The climate, air quality, and economic benefits of natural gas vehicles and renewable natural gas are undeniable, but the terminology used to talk about the technology and fuel can often be confusing for even industry experts. Here are some of the common terms you might hear when learning about how natural gas vehicles can help the state tackle its air quality and climate protection goals.

Heavy-Duty Vehicles
Commercial trucks, buses, and other large on-road vehicles. In California, heavy-duty vehicles are responsible for a disproportionate share of pollution. Trucks and buses make up just 7% of the vehicles on the road in California, but are responsible for 20% of the greenhouse gases and 40% of the smog-forming emissions.
Tailpipe Emissions
Assesses the total air pollutant and greenhouse gas (GHG) emissions released by a fuel during use; it does not take into account emissions released during production or distribution of that fuel. Tailpipe emissions values take into account any reductions provided by emissions control systems on the vehicle. Emissions of primary concern include hydrocarbons, oxides of nitrogen (NOx), carbon monoxide (CO), air toxics, and particulate matter (PM).
NOx Emissions
The emission of nitrous oxides leads to the formation of ozone and small particulate matter (PM2.5), each of which contributes to significant health impacts, including asthma and heart disease. The primary source of NOx is motor vehicles, specifically diesel-fueled medium- and heavy- duty vehicles.
Ultra-Low NOx
A term used to identify natural gas engines certified to California Air Resources Board most stringent low-NOx emission standard of 0.02 g/bhp-hr NOx.
0.02 g/brake horsepower-hour NOx
The current cleanest certification standard achieved by a natural gas heavy-duty engine, which is 90% cleaner than the cleanest diesel engine certification.

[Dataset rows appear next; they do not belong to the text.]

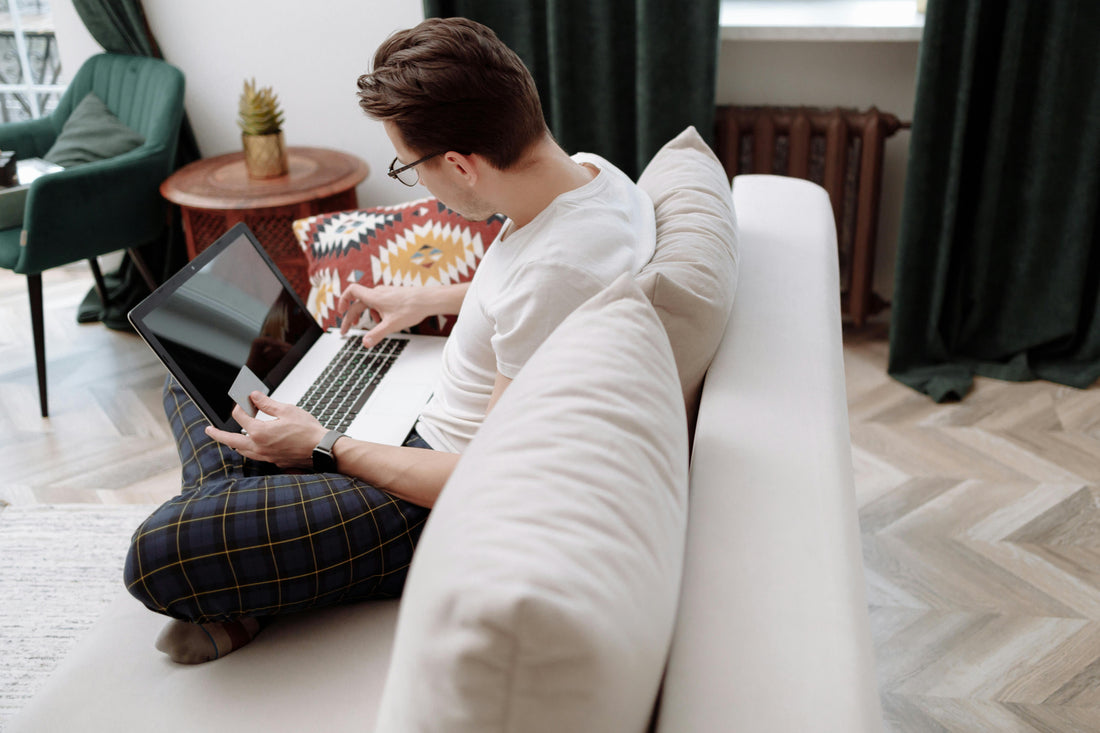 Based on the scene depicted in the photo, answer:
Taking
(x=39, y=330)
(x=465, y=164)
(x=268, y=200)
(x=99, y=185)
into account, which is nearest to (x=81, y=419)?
(x=39, y=330)

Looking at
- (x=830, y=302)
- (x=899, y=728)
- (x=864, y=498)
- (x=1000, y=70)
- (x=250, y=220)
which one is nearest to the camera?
(x=830, y=302)

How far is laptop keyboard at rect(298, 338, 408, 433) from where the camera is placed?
146cm

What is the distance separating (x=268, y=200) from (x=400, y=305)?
2.94 feet

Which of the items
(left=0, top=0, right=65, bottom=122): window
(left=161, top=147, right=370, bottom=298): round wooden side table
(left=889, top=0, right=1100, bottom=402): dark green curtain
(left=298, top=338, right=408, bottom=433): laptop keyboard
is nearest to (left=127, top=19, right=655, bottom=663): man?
(left=298, top=338, right=408, bottom=433): laptop keyboard

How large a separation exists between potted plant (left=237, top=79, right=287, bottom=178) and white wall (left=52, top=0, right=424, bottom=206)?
44 centimetres

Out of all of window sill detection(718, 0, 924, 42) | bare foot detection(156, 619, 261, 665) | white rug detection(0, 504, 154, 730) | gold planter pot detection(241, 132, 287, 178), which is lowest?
white rug detection(0, 504, 154, 730)

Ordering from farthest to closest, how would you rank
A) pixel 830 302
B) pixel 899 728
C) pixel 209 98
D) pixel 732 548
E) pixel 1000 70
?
1. pixel 209 98
2. pixel 1000 70
3. pixel 899 728
4. pixel 830 302
5. pixel 732 548

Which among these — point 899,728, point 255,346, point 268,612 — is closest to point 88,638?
point 268,612

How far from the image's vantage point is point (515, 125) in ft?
3.87

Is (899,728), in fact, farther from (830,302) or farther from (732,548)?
(732,548)

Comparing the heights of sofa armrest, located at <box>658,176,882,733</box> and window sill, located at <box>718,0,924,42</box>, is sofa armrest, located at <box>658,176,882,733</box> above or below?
below

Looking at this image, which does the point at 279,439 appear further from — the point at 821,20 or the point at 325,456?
the point at 821,20

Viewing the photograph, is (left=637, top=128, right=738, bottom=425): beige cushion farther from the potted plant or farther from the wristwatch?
the potted plant

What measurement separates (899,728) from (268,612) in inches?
38.5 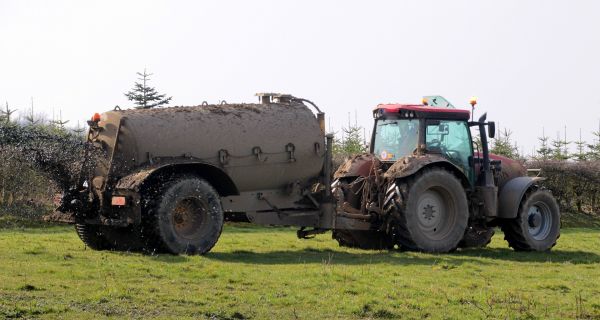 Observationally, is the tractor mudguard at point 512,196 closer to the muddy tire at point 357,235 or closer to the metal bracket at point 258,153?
the muddy tire at point 357,235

Renewable Natural Gas (RNG)
A form of natural gas made from organic waste, generated by a variety of sustainable and renewable sources, including wastewater treatment plants, food and green waste, landfills, dairies, farms, and forests.
Carbon-Negative Fuel
A fuel whose capture and use produces a net reduction of climate- forcing effects from greenhouse gases. RNG can be a carbon-negative fuel due to the powerful climate benefits of capturing methane that would otherwise escape to the atmosphere from sources like wastewater treatment plants, food and green waste, landfills, dairies, farms, and forests.
Greenhouse Gas Emissions (GHG)
Any gas that has the property of absorbing net heat energy emitted from the earth’s surface and reradiating it back to the earth, which contributes to the greenhouse effect. Transportation remains the biggest source of greenhouse gas emissions in California.

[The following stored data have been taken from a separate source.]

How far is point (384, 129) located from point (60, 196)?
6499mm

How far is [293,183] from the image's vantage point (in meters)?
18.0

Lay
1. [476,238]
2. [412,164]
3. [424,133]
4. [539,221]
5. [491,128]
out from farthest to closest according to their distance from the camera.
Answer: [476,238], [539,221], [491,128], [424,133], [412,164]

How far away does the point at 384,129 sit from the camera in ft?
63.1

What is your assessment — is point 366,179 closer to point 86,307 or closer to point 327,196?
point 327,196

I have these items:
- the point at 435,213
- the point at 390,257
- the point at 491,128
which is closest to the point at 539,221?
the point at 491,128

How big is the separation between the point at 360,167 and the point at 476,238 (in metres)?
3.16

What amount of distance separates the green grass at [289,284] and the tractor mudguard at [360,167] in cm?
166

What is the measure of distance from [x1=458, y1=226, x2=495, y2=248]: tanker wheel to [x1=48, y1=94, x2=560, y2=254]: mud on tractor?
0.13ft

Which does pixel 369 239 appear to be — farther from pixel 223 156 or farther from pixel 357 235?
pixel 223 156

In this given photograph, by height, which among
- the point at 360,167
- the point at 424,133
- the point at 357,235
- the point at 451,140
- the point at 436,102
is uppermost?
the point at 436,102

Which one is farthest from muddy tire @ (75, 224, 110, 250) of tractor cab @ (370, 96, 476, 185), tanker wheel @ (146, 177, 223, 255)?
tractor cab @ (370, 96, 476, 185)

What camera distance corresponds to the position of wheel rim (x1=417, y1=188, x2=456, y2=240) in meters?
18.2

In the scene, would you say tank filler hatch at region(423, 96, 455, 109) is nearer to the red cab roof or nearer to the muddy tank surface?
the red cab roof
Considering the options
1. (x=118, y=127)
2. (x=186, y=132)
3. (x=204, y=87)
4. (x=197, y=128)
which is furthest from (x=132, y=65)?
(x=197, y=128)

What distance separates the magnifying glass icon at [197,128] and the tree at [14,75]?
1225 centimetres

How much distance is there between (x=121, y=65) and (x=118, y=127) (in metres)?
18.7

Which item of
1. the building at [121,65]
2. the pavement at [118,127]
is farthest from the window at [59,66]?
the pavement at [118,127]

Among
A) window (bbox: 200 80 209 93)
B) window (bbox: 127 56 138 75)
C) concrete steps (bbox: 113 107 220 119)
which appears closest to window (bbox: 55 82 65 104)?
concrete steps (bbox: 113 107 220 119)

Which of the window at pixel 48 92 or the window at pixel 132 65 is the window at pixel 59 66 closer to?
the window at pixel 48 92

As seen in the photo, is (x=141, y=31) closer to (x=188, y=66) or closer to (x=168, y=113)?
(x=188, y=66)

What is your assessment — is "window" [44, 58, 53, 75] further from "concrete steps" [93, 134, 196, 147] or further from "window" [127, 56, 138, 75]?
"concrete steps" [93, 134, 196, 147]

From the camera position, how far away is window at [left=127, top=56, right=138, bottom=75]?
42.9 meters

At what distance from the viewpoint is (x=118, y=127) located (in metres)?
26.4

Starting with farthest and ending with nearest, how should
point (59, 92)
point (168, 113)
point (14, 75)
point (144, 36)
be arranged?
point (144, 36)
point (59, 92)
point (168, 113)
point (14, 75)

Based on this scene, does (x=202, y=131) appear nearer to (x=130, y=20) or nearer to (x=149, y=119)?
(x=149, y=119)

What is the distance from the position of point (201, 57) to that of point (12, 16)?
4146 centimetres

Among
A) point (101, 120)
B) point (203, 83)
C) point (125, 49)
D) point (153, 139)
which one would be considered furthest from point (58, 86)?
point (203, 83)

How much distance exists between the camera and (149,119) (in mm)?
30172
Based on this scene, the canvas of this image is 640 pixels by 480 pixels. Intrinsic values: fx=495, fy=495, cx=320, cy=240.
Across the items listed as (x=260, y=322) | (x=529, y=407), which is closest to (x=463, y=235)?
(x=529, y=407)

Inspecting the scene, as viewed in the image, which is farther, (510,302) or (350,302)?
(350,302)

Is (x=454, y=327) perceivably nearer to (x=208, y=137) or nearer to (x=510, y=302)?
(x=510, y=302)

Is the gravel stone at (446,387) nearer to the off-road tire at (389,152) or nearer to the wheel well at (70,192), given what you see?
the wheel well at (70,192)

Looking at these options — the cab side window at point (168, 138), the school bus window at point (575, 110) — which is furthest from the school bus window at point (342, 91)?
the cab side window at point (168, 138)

A greenhouse gas (GHG) largely emitted from human activities. Although methane’s lifetime in the atmosphere is much shorter than carbon dioxide (CO2), methane is much more efficient at trapping radiation, making it a very powerful GHG.
Lifecycle Emissions
Also referred to as the “full fuel cycle” or “well-to-wheels”, lifecycle emissions assess the total air pollutant and greenhouse gas (GHG) emissions of a fuel at each stage of its production, distribution, and use.